SAS Data Management solutions provide comprehensive support not only for data integration processes, but also those associated with data quality monitoring and improvement. SAS’s mature data quality monitoring methodology involves 6 steps which have to be taken in order to implement such an environment.
Figure 1. Data quality monitoring methodology
Step 1. Defining
Before tackling the data quality issue, one has to answer the question: "What will I need the data for?”. The answer, or the actual need, will be crucial in determining the starting point for our initiative. We do not have to start with indicators for all systems and all data. Just begin with a single business initiative and use it to define what data will be required and what that data will look like. During this process, it would be useful to define the following:
- the business owner – or a person (or persons) who will need the data to perform business goals;
- data expert – or a person (or persons) who will assist with identifying appropriate systems for the performance of the business owner’s goals, and who will support the business owner in the defining process.

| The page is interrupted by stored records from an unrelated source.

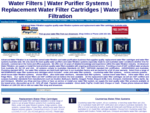 Water Filter Cartridges | Undersink Water Filtration Systems
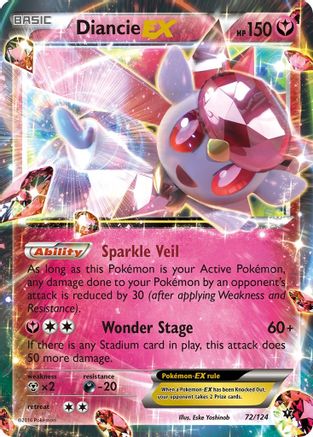 Diancie EX (Holofoil)
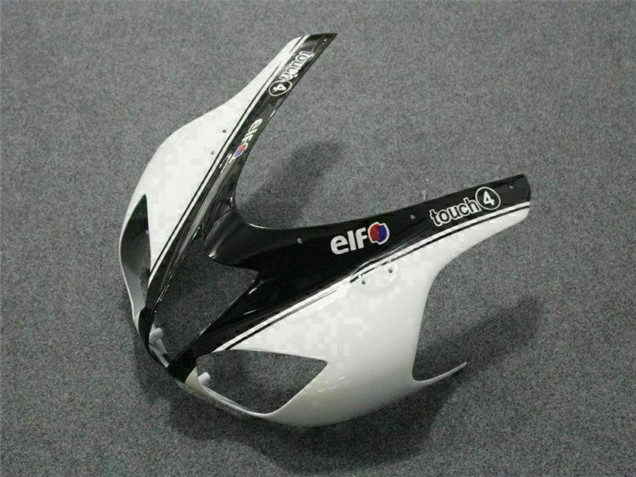 2007-2008 Black White Elf Kawasaki ZX6R Motorcycle Fairings UK Stores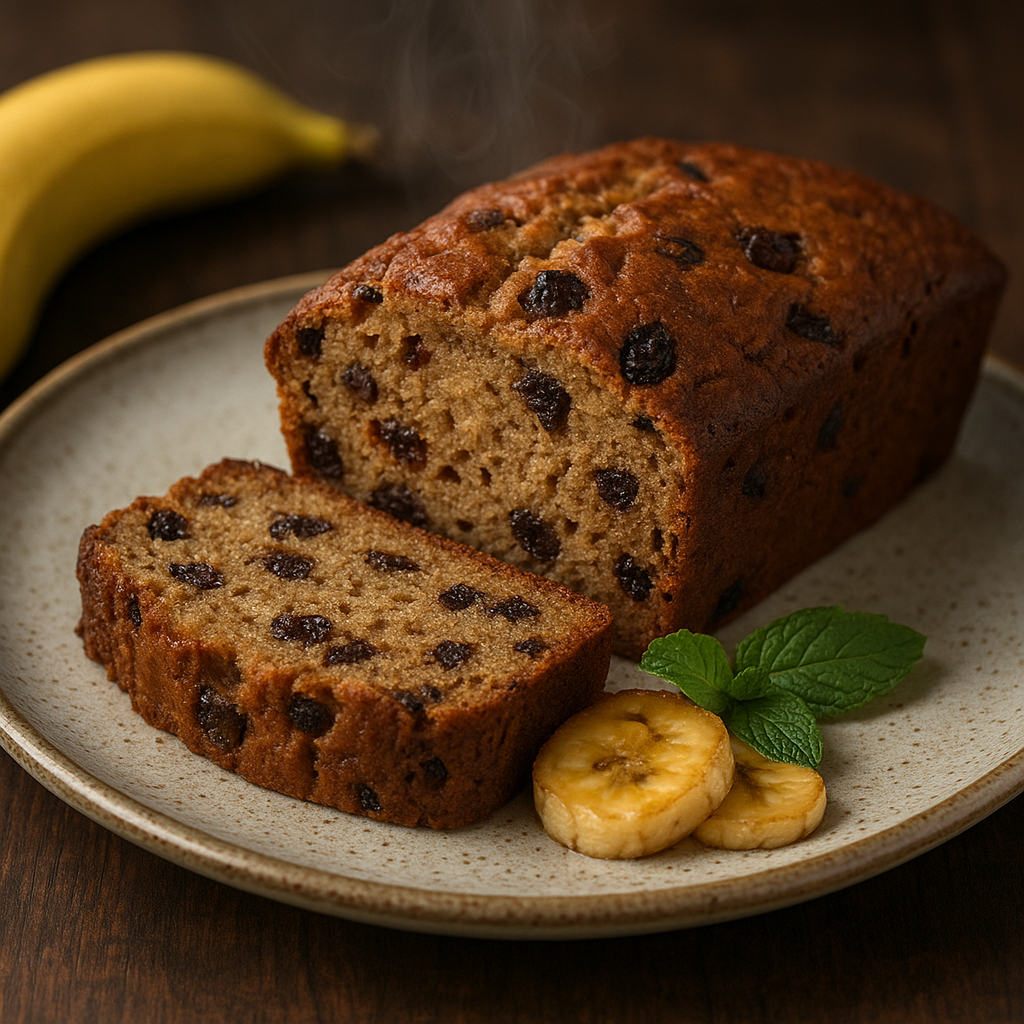 Banana Bread with Raisins
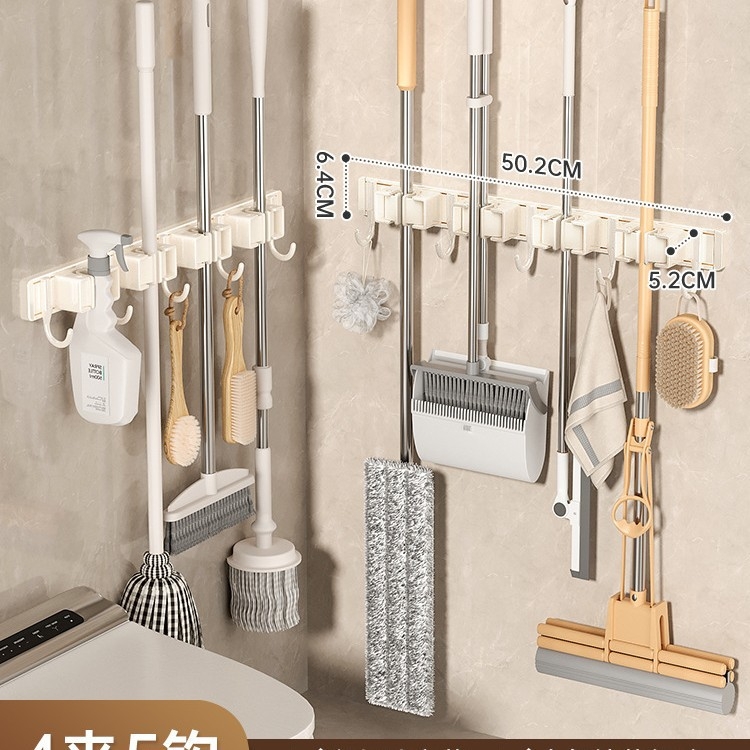 Zidna kopča za vješanje mopa, viseća metla za mop, neperforirana kuka za pričvršćivanje, okvir za kupaonicu, kupaonica, stražnja polica za vrata kupaonice, veleprodaja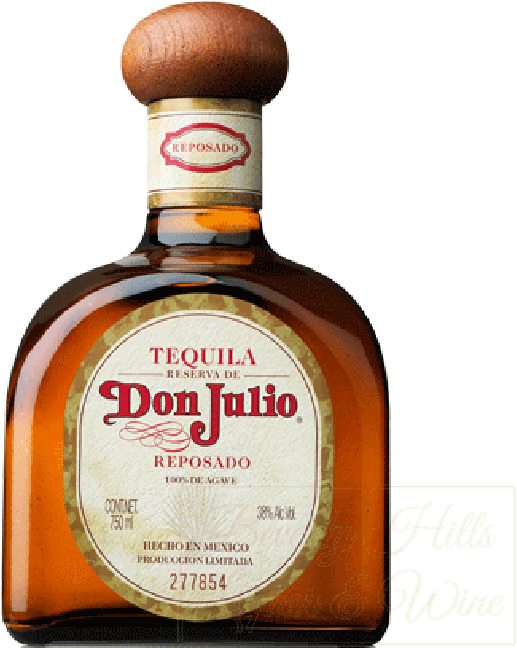 Don Julio Reposado Tequila Bottle PNG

Once the project goal is clearly identified and we know what data will be required and where it will be used, we then have to define and document that data. The SAS Business Data Network will come in handy here.
Figure 2. The SAS Business Data Network application
SAS Business Data Network enables us to define business terms and establish relations between them. In our case, these could include descriptions and definitions of data quality indicators and ratings (integrity, correctness, accuracy, availability, etc.), system descriptions together with data owners as well as field types, definitions thereof and verification methods. Apart from a single data entry point, the tool itself also provides us with control, versioning and monitoring mechanisms. Adding, deleting or modifying terms in the tool may be based on a workflow created by users. Users have an option to preview the state of the repository itself at any given point in time as modifications are subject to versioning. All modifications may be automatically sent to subscribers and displayed following www login to the application.

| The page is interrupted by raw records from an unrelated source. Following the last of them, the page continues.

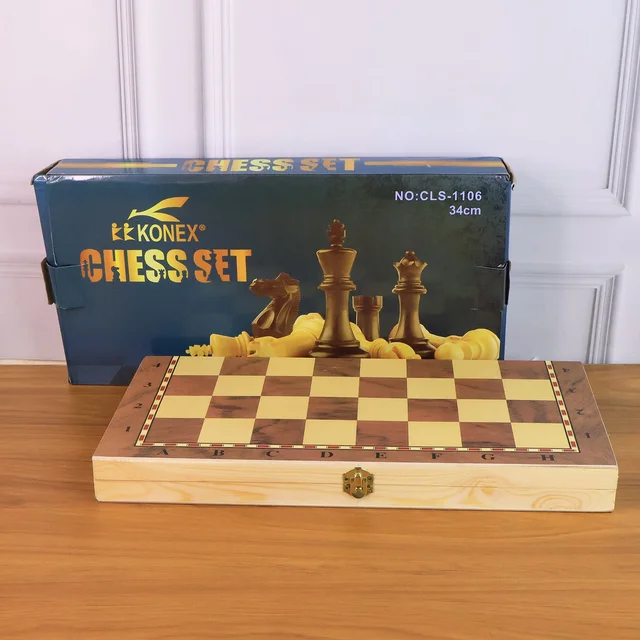Folding Wooden Chess Board Set – Travel-Friendly | Boardoria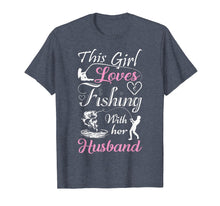 Ladda upp bild till gallerivisning, Funny shirts V-neck Tank top Hoodie sweatshirt usa uk au ca gifts for This Girl Loves Fishing With Her Husband Funny T Shirts 2530748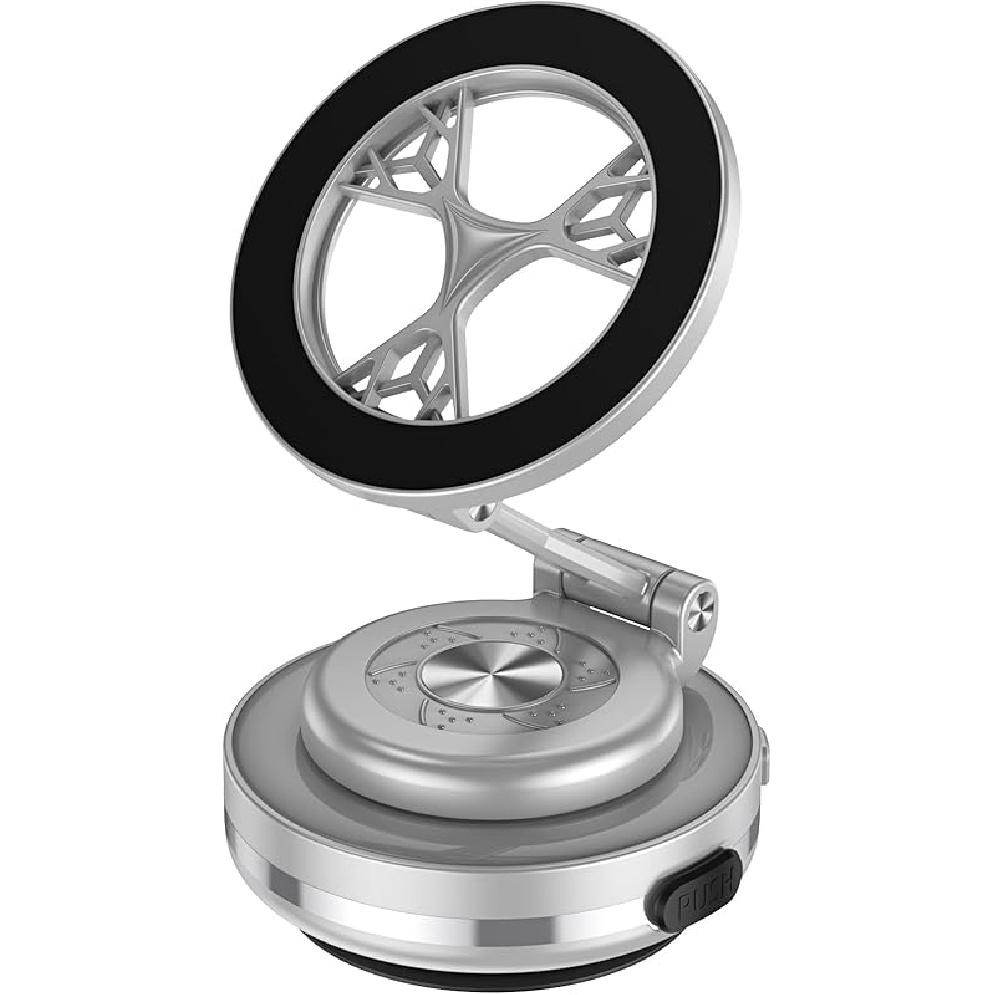 Electric Suction Cup Magnetic Cell Phone Holder Car Gym Magnetic Suction Angle Can Be Adjusted 360° Rotation Automatic Vacuum Adsorption Ultra-Light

A mechanism for connecting the business world with the world of technology is another useful element. When, in subsequent steps, users begin implementing monitoring or data quality improvement rules, the SAS Business Data Network will provide an option to attach technical processes to business terms. This means that coming from a business rule or a given system, users will be able to perform complex analyses. Starting from a data quality monitoring rule, it will be possible to find out which processes implement a given rule, where and who they were created by. Whereas starting an analysis from a system, we will be able to obtain information on what rules are implemented therein, which processes make use of the given system and what reports were created using its data.
Use of SAS Business Data Network class tools means that once the necessary information is identified and entered, it will be possible to smoothly progress to subsequent steps such as profiling or implementing rules. Users taking part in the initiative will have all the data in one place, which will be accessible via a web browser from any location within the organization.